Kara menganggukkan kepalanya. "Kalau udah lulus sekolah boleh ikut campur lagi kan? Aku mau jadi detektif nantinya. Aku bakalan ajak Zain juga, dia harus mau."

"Ya itu kita bahas nanti lagi, sekolah lagi aja belum. Sekolah dulu baru kita bicarakan lagi, sekarang tidur lagi. Lumayan kan sampai pagi,"

"Tapi ini udah pagi Pak, udah setengah lima pagi." ucap Kara menunjuk jam dinding yang ada di ujung lorong rumah sakit.

"Ekhem, pada ngapain pagi-pagi ngerumpi di sini? Bapak juga kenapa adek aku di biarin keluyuran pagi-pagi gini? Bapak kan dokter, harusnya tau waktunya istirahat dan waktunya ngobrol," omel Zain yang baru saja keluar dari kamar rawat Kara.

"Pagi-pagi jangan ribut Zain, ini rumah sakit bukan rumah kamu." tegur Raka.

"Salah Bapak, udah tau anaknya lagi sakit malah di ajak duduk di luar."

"Adek kamu Zain yang di ajak masuk lagi gak mau, katanya mau duduk di sini aja." ucap Raka bangkit dari duduknya.

"Temenin adek kamu sebenar, Bapak mau keluar cari sarapan. Ajak masuk ke dalam, semalam kurang tidur, kalau bisa suruh tidur lagi."

"Aku mau sarapan mie-"

"Gak ada mie ayam di sini, paling nasi uduk. Kalau masih ada yang jualan." sela Raka sebelum anaknya itu meminta ini itu.

"Ayo dek masuk, gak usah dekat-dekat sama Bapak. Pelit dia, minta mie ayam aja bilang gak ada yang jual. Emang dasar gak mu cariin aja." ucap Zain menggandeng tangan Kara masuk ke dalam kamar rawatnya.

"Besok lagi kalau gak bisa tidur bangun aku, jangan bangunin Bapak. Kalau sama Bapak percuma di ajak nongkrong tapi gak di kasih cemilan,"

"Tapi yang di bilang Bapak itu benar, di sini gak ada mie ayam.

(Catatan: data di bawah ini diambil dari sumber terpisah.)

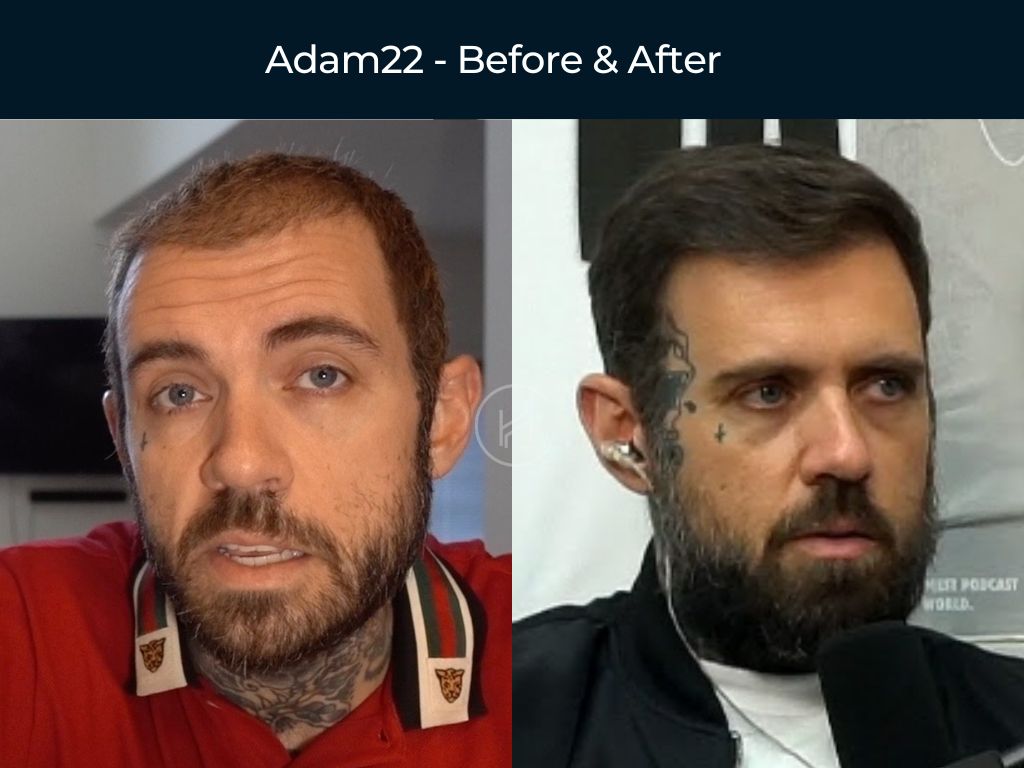 Adam22 - Hair Transplant Before & After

Karena selama aku tinggal di sini gak pernah lihat orang jual mie ayam." ucap Kara yang menganggap ucapan Zain tadi dengan Raka itu serius. Tapi Raka tidak bohong, di desa memang tidak ada yang jual mie ayam.

"Iya, aku tadi cuma bercanda, gak seru kok." ucap Zain mengusap rambut Kara.

Sementara itu Raka tengah dalam perjalanan menuju mansion. Dia memutuskan untuk menemui Elang sebelum pergi ke kota.

Tujuan utamanya bukan untuk berpamitan pada Elang, tapi mengambil sesuatu yang bisa dia gunakan untuk melakukan tes DNA antara Elang dan Kara.

Jika yang di katakan Naira itu benar, makan ada kemungkinan Kara adalah anak Elang, tapi jika tidak maka dirinya akan mengurangi hak asuh Kara, menjadi anaknya bukan anak Elang.

"Apa pun nanti hasilnya, Kara tetap akan menjadi anak ku. Jika Elang ayah kandungnya maka aku harus memberikan Kara padanya, jika tidak maka Kara akan menjadi anak ku." monolog Raka sambil fokus mengemudi.

"Jika Kara anak Elang, artinya yang di katakan Naira benar. Adikku di bunuh di tempat lain bukan di mansion, karena anak itu di temukan di perbatasan kota dua hari sebelum kejadian di mansion. Artinya pembunuhan itu di lakukan di rumah Elang, di kota."

"Aku harus segera melakukan tes DNA antara Elang dan Kara, dengan begitu semuanya akan mudah." monolog Raka menambah kecepatan mobilnya, ia harus segera sampai di mansion. Karena pagi ini ia juga harus segera pergi membawa anak-anak ke kota dan pindah ke kota lain.